Object storage tends to grow quietly. Build artifacts, logs, exports, backups, temporary files - a few months later your bucket holds millions of objects and the bill starts reflecting it. I've seen this happen on nearly every project that uses object storage for any length of time. Someone uploads CI artifacts or analytics exports, nobody thinks about cleanup, and six months later you're paying real money for data nobody will ever look at again.
Lifecycle rules solve this at the storage layer. Instead of running cleanup scripts or cron jobs, you define a retention policy once and let the storage system enforce it. The bucket handles deletion based on object age - no application changes, no scheduled jobs, no custom tooling to maintain.
If your policy boils down to “delete objects older than X days” lifecycle rules are the right tool. This applies to CI artifacts, temporary exports, processed data snapshots, old backups, staging uploads - basically anything with a natural expiration.
The examples here use DigitalOcean Spaces, which is S3-compatible.
Setting up s3cmd
Install it:
pip install s3cmd
Then configure it for DigitalOcean Spaces:
s3cmd --configure
The key configuration values you'll need:
host_base = sfo2.digitaloceanspaces.com host_bucket = %(bucket)s.sfo2.digitaloceanspaces.com signature_v2 =False
Replace sfo2 with your region.
Creating a Lifecycle Rule
One important detail that tripped me up the first time: lifecycle rules apply to the bucket, not to a path. You pass only the bucket name. Prefix filtering is handled with a separate parameter.
To expire all objects in a bucket after 30 days:
s3cmd expire \ --expiry-days=30 \ s3://my-bucket
This deletes objects 30 days after their LastModified date.

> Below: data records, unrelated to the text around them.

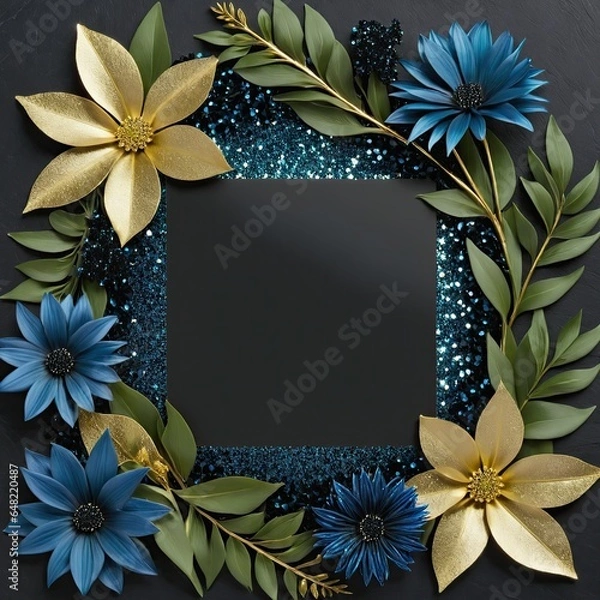 Fototapeta Golden leaves and blue flowers adorn a black square frame on a glittery backdrop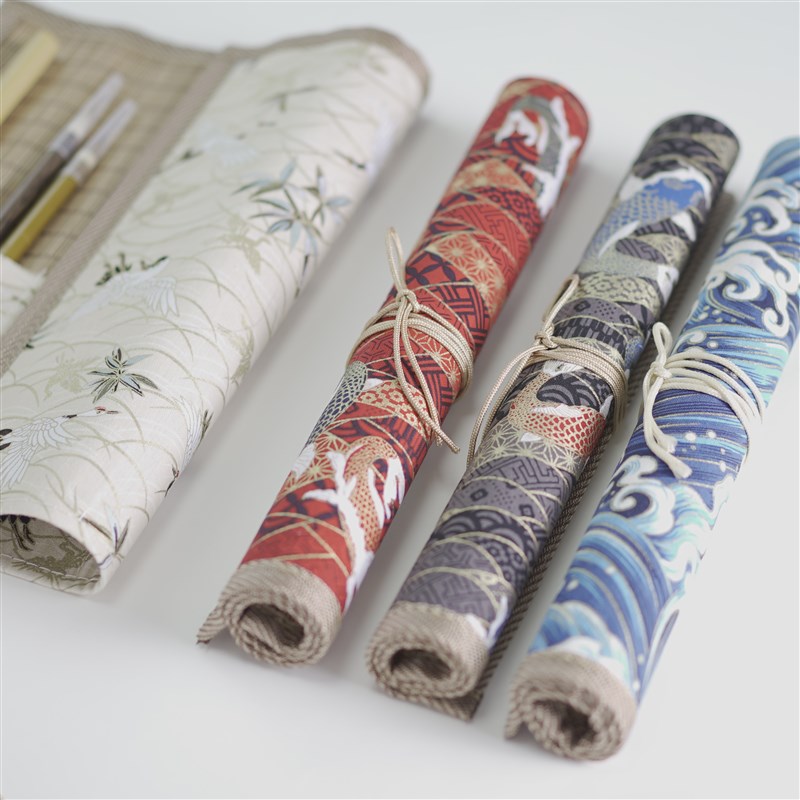 笔帘卷笔袋老竹色竹制毛笔笔帘袋毛笔收纳帘笔卷保护毛笔护具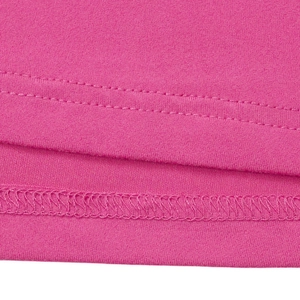 Detail of rose red knit dress showing high-quality double-needle hem and overlock stitching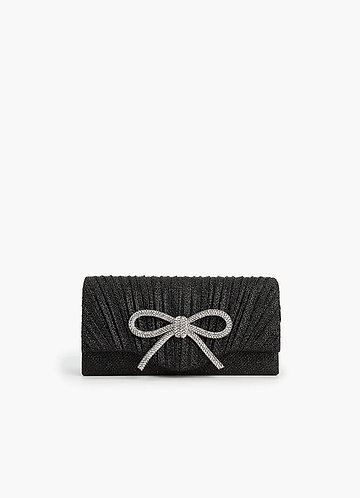 front Rhinestone Bow Pleated Flap Clutch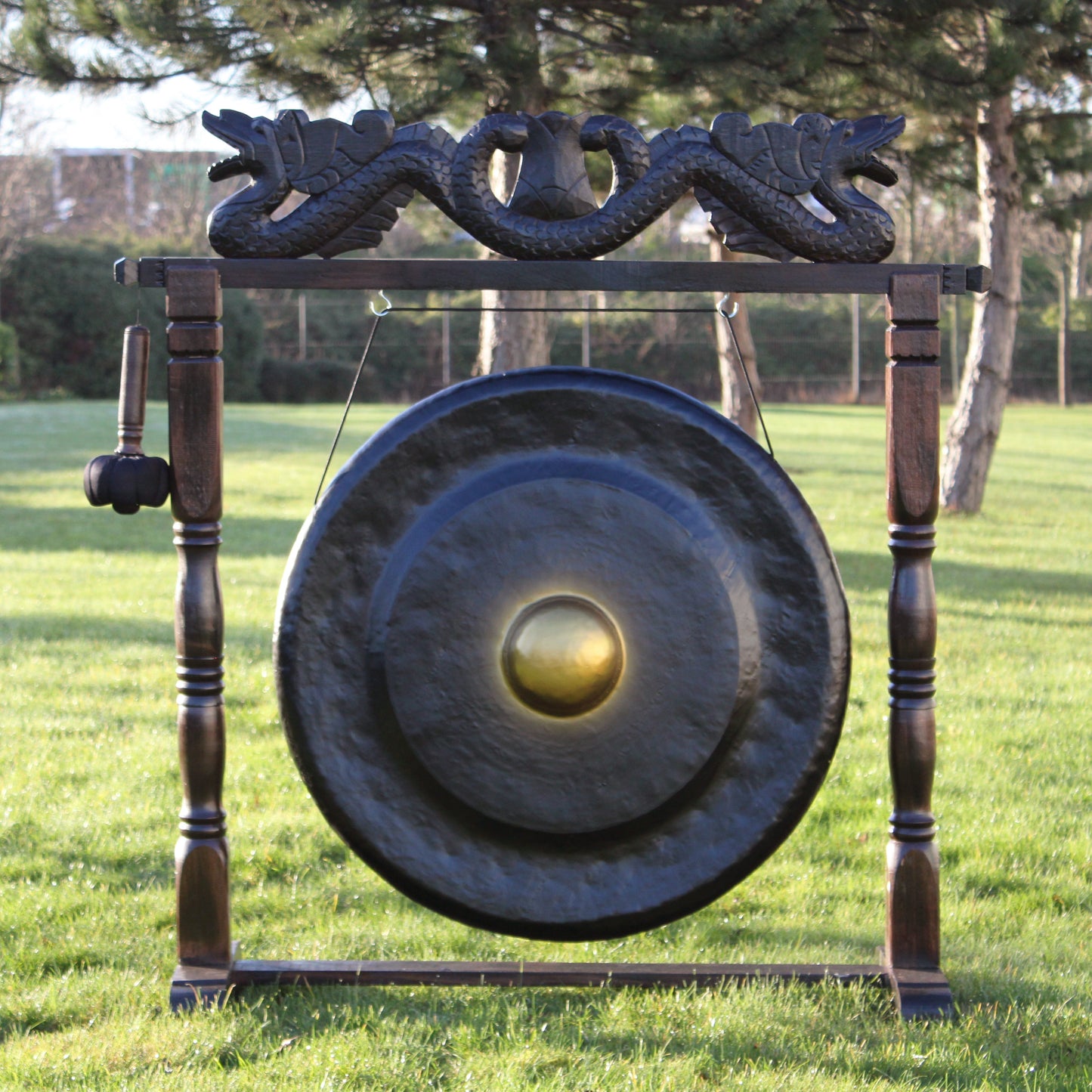 Handmade Albasia Wooden and Metal Healing Gong - Extra Large 80cm / Black / Antique Brown Stand product packaging on clean background from Quintessential Holistic Health Ltd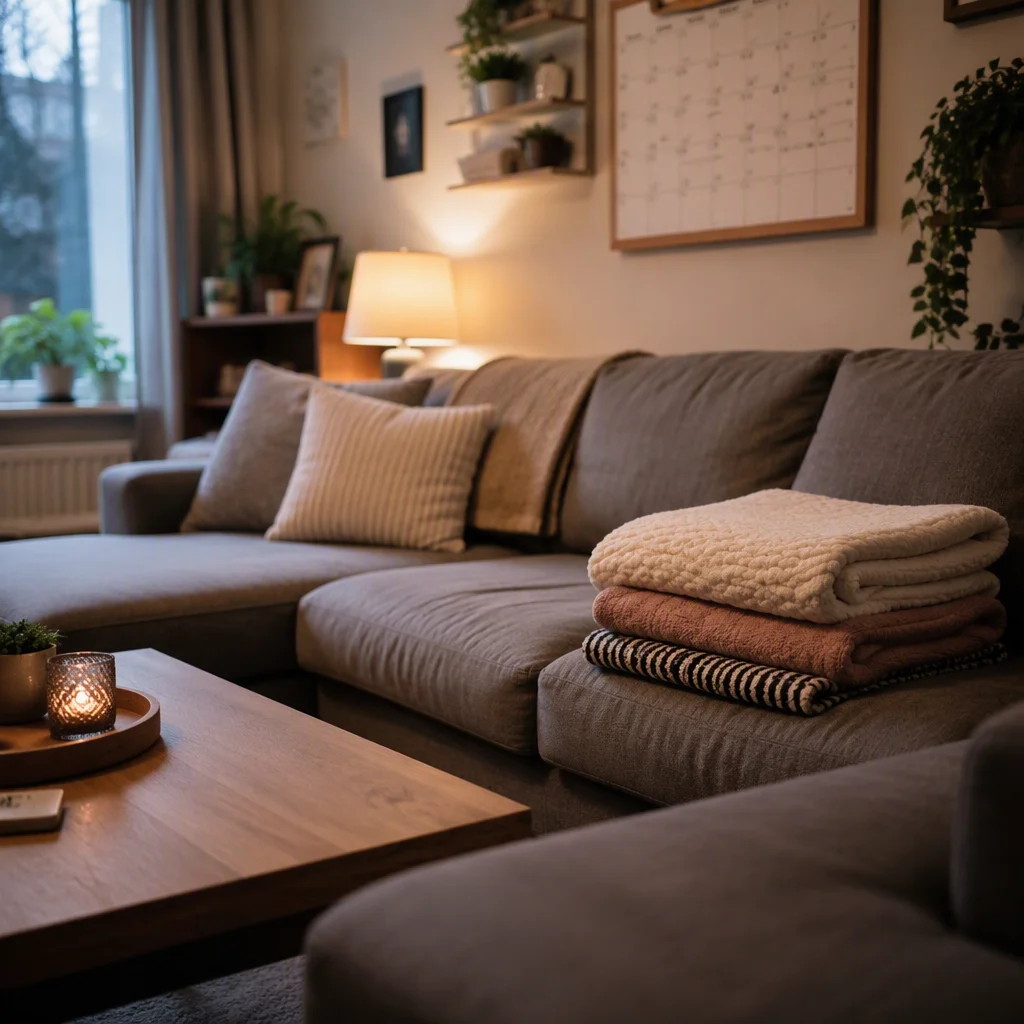 Living room couch with three folded blankets and a wall calendar in evening lamplight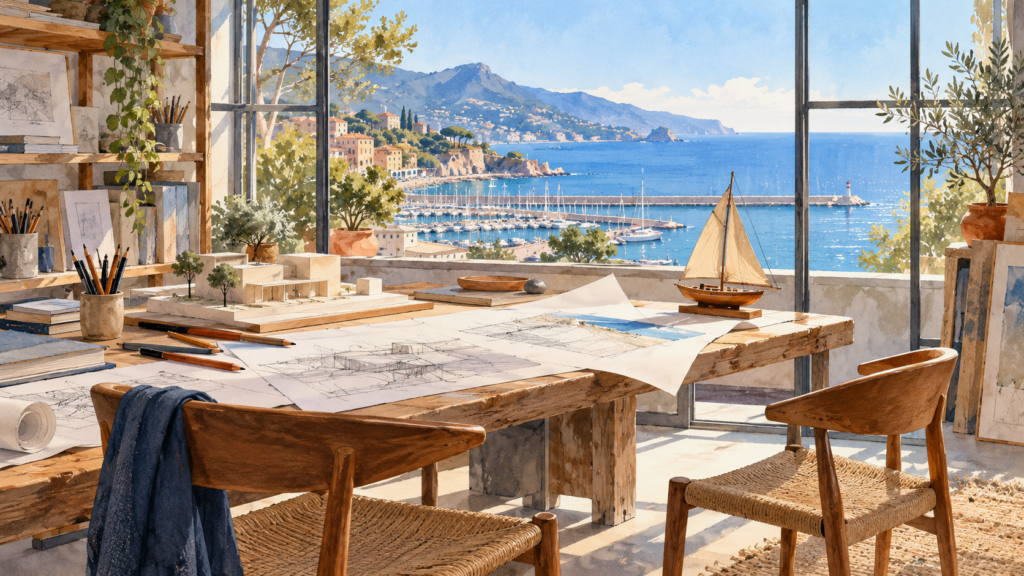 Un tavolo da disegno con matite, un modello architettonico e una barca a vela in miniatura, fra due sedie davanti a una finestra affacciata sul porto.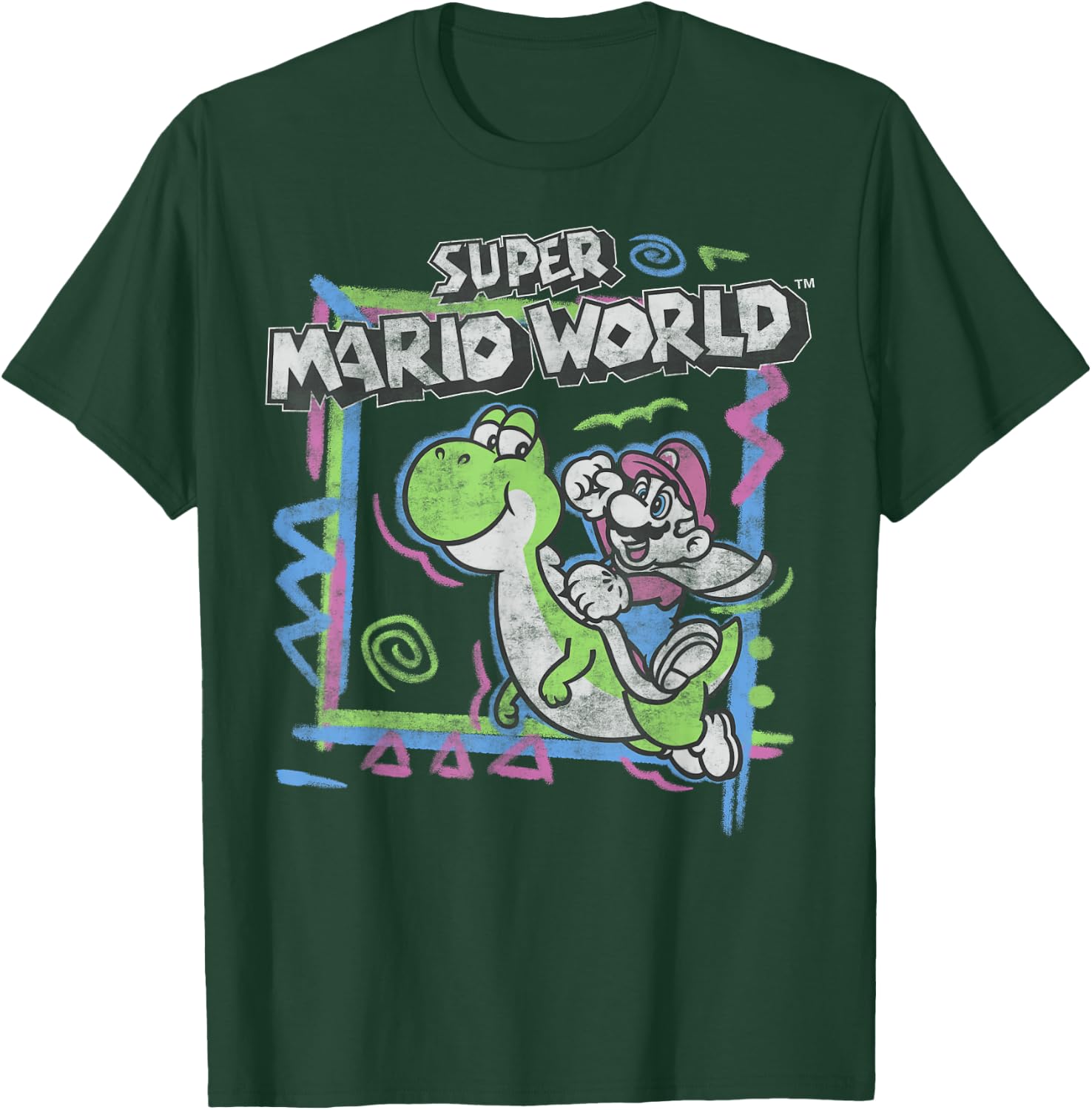 Super Mario World 90's Neon Abstract Nintendo Yoshi Ride T-Shirt - T-Shirt | Forest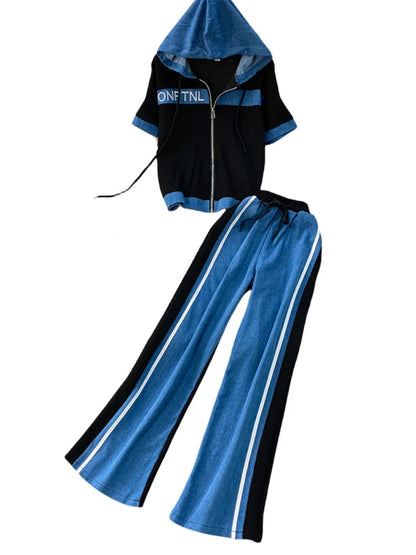 Cowboy patchwork hooded jacket fashionable sports suit women's summer 2025 new two-piece set popular age reducing pants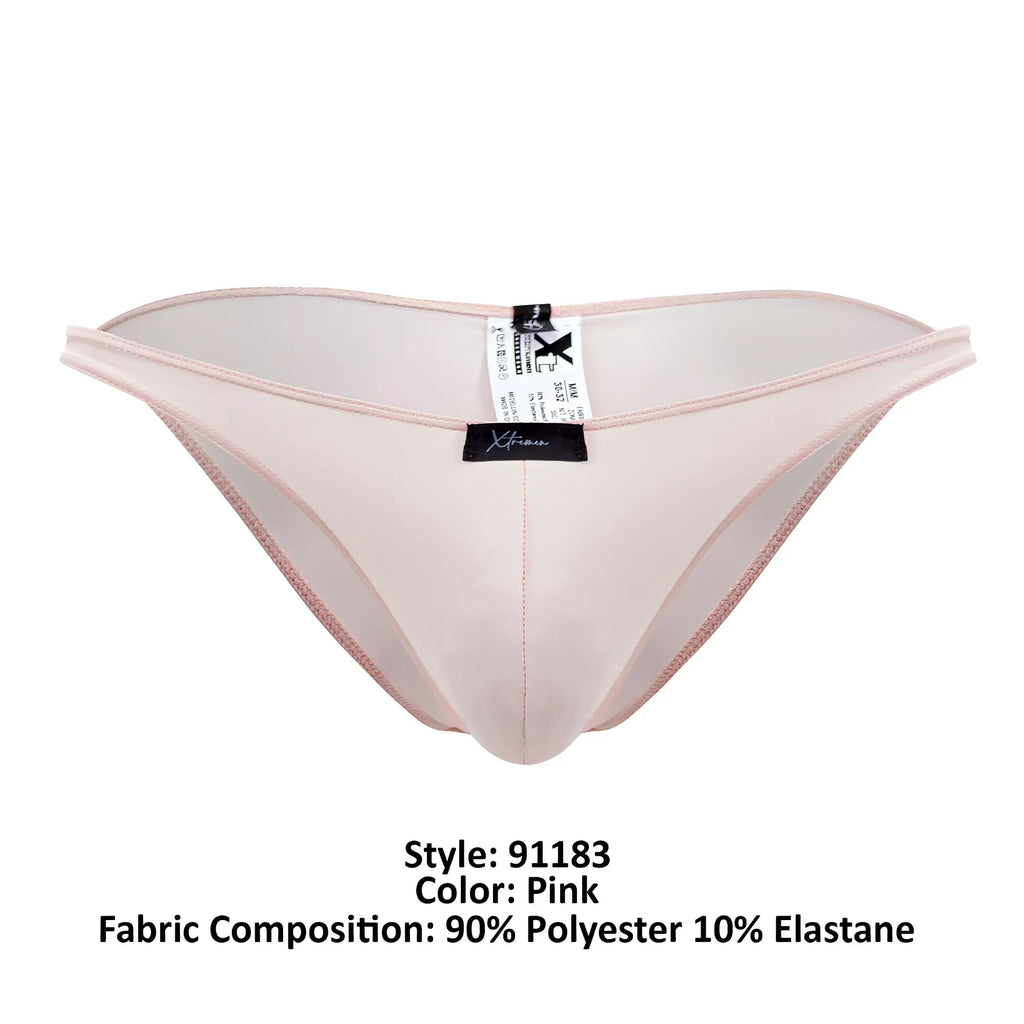 Pink sheer Xtremen 91183 microfiber bikini thong made of 90% polyester 10% elastane with subtle pink trim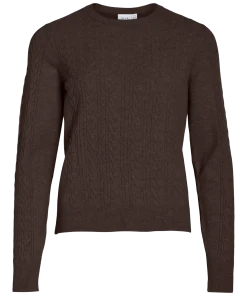 VILA KERRY O-NECK CABLE KNIT TOP IN COFFEE BEAN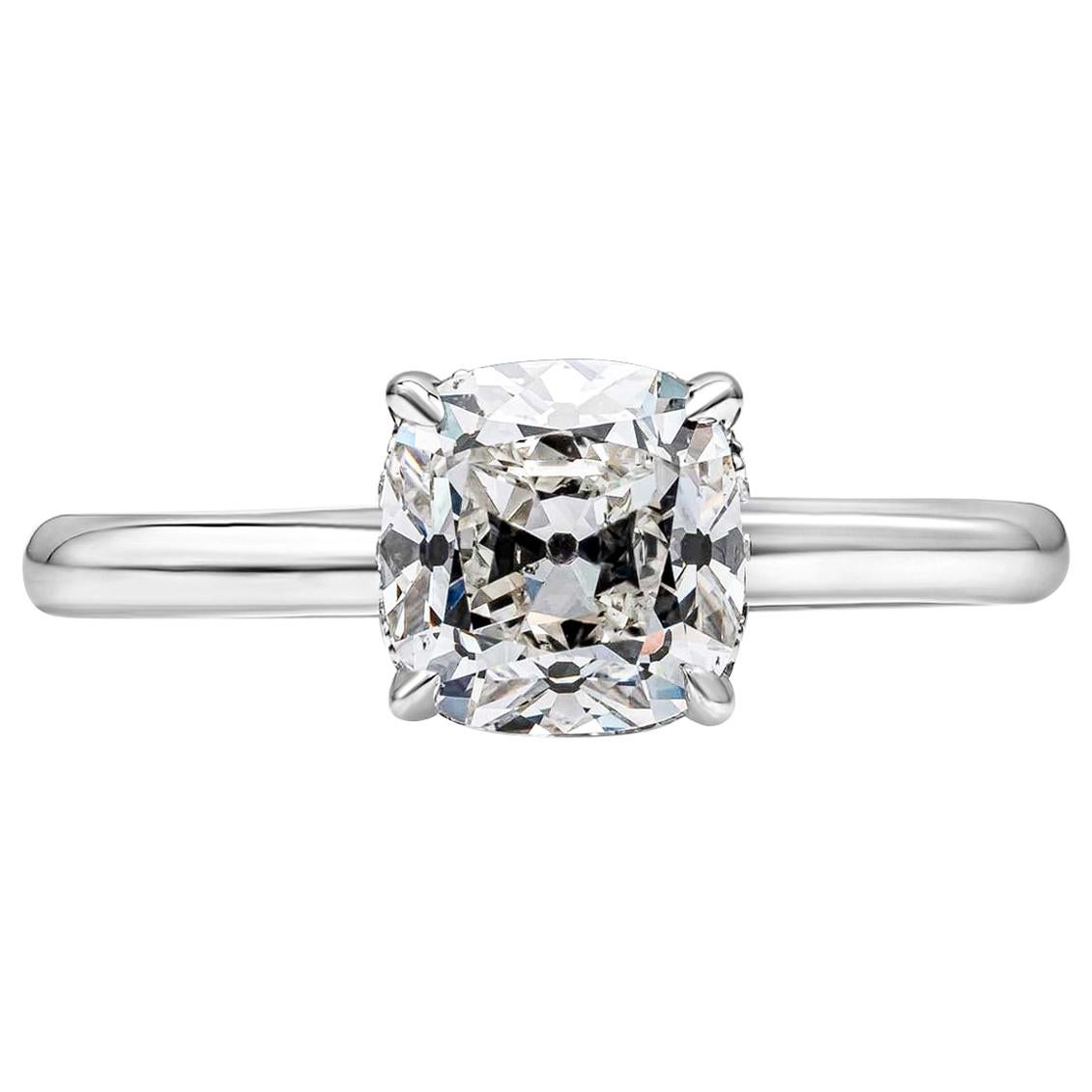 GIA Certified 1.72 Carat Antique Cushion Cut Diamond Solitaire Engagement Ring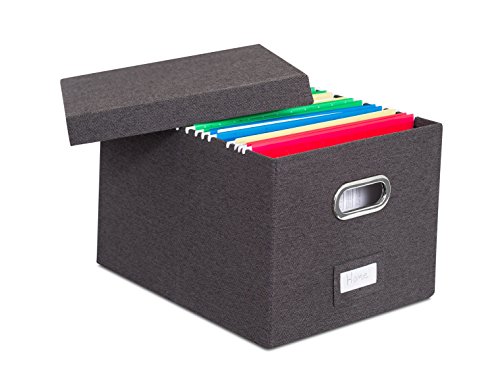 Internet's Best Collapsible File Storage Organizer with Lid – Decorative Linen Filing & Storage Office Box – Hanging Letter/Legal Folder – Home Office Bins Cabinet – Charcoal Container – 1 Pack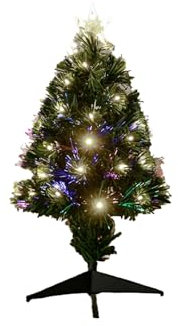 Árbol de Navidad de Fibra óptica, bajo Voltaje, 90 cm, luz Blanca fría; Ideal para decoración Festiva y Crear Ambiente navideño.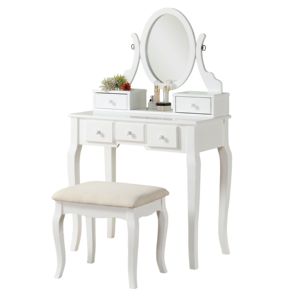 Table de maquillage avec tabouret, miroir réglable, tiroirs de rangement, meubles de chambre à coucher, bois blanc, design traditionnel - Product Image 6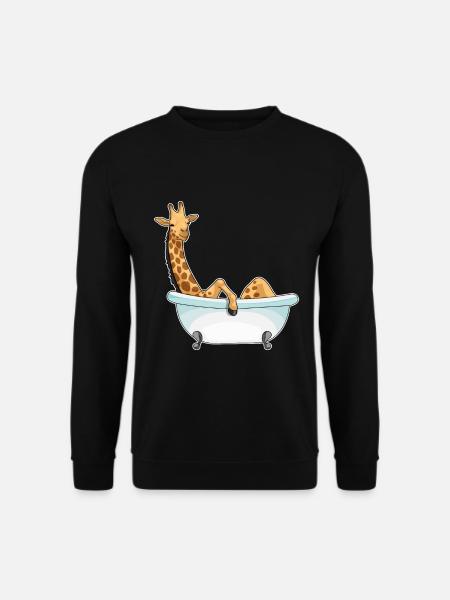 Giraffe Bath Bathtub - Unisex Sweatshirt - black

If you want to target a specific prefix - say, only cleaning up artifacts/ - you pass the prefix separately:
s3cmd expire \ --expiry-days=30 \ --expiry-prefix=artifacts/ \ s3://my-bucket
Note that the prefix doesn't go in the S3 URI. The bucket is s3://my-bucket and the prefix is its own flag. If you stick the folder in the URI, it won't work the way you expect.
Verifying that it worked
Always verify after setting a rule, especially in production. To confirm the rule exists:
s3cmd getlifecycle s3://my-bucket
You can also inspect bucket info more broadly:
s3cmd info s3://my-bucket
And if you need to remove a lifecycle configuration:
s3cmd dellifecycle s3://my-bucket
What happens to objects that already exist
Lifecycle expiration is based on LastModified, so existing objects are included. If you create a rule that expires objects after 30 days and your bucket has objects uploaded 45 days ago, those objects qualify for deletion immediately.
They won't vanish the moment you apply the rule, though. Lifecycle processing runs asynchronously inside the storage system - typically once a day. Expect 24 to 48 hours before deletion actually occurs, and potentially longer for very large buckets.
If nothing seems to happen after a few days, check the prefix, double-check the lifecycle configuration, and verify whether versioning is enabled on the bucket. Versioning complicates things: expiration creates a delete marker rather than actually removing the object, and older versions may stick around. If you're using versioning, you may need a separate rule for noncurrent versions.
Why this beats a Python cleanup script
It's tempting to write a script that lists objects, compares LastModified, and deletes anything older than a threshold. I've written that script more than once. It works, but it brings a whole set of operational baggage with it. You need a scheduler to run it, monitoring to know when it fails, pagination logic for large buckets, and throttling to avoid hitting API rate limits. Credentials expire, the script fails silently at 3 AM, and nobody notices until the bucket is bloated again.
Storage-native lifecycle rules avoid all of that. They scale automatically, run inside the provider's infrastructure, don't require compute resources on your end, and have no moving parts you need to maintain. For straightforward age-based retention, they're the obvious choice.
When you still need a script
Lifecycle rules handle time-based deletion well, but that's about the extent of their flexibility. If you need to delete based on object size, filter by metadata or tags, generate a report before deleting, do a dry run, apply per-tenant retention logic, or make deletion conditional on some state in your application database - that's script territory.
A concrete example: delete artifacts older than 30 days, but only if the associated CI job completed successfully. That requires your application to make the call, not a storage-layer rule. Same goes for one-off migration cleanup where the rules are temporary and don't fit neatly into a permanent lifecycle policy.
A few things to watch in production
Keep lifecycle rules simple and verify them after applying. I'd recommend monitoring object count periodically - not just to confirm lifecycle is working, but to catch cases where new objects are accumulating faster than expected. Be especially careful with versioned buckets, since lifecycle behavior is less intuitive there. For CI artifacts, logs, temporary exports, and analytics scratch data, lifecycle rules are usually all you need. Define the policy once and move on to something more interesting.